Christmas is for sharing, and some of the best gifts to share are the ones you’ve made yourself. The only snag about edible gifts is that once you’ve conceived and created them, put them up in clever containers and wrapped and labeled them with a holiday flourish, it can be a bit of a wrench to part with them. Steel yourself — or better still, make enough to keep some for yourself.

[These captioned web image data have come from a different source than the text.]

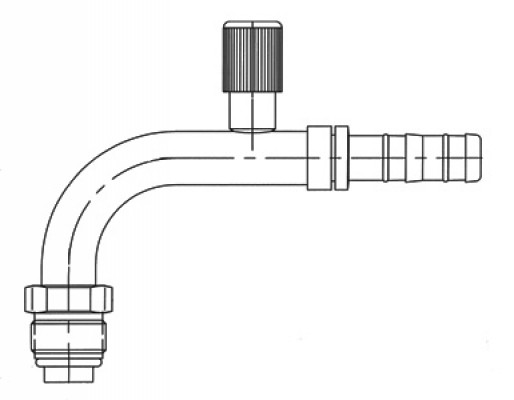 Image of A/C Refrigerant Hose Fitting - 90uc0u65533  Male O-ring w/R134a Port Steel Ftg from Sunair. Part number: FF14237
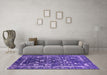 Machine Washable Oriental Purple Industrial Area Rugs in a Living Room, wshurb2565pur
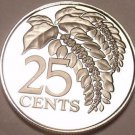 Rare Proof Trinidad & Tobago 1975 25 Cents~24k Minted~Chaconia~Free Shipping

Winter chutneys go beautifully with a holiday ham, meat or game pie, or pâté en croûte. This super-simple date chutney (see recipe below) — a recipe from my mother, who used to make it every Christmas — is a double pleasure because it’s just a leisurely chopping and mixing job. There’s no cooking at all, so the apartment is not invaded with penetrating vinegary fumes. It benefits from keeping for a few weeks, so the flavors ripen nicely and will last for several months.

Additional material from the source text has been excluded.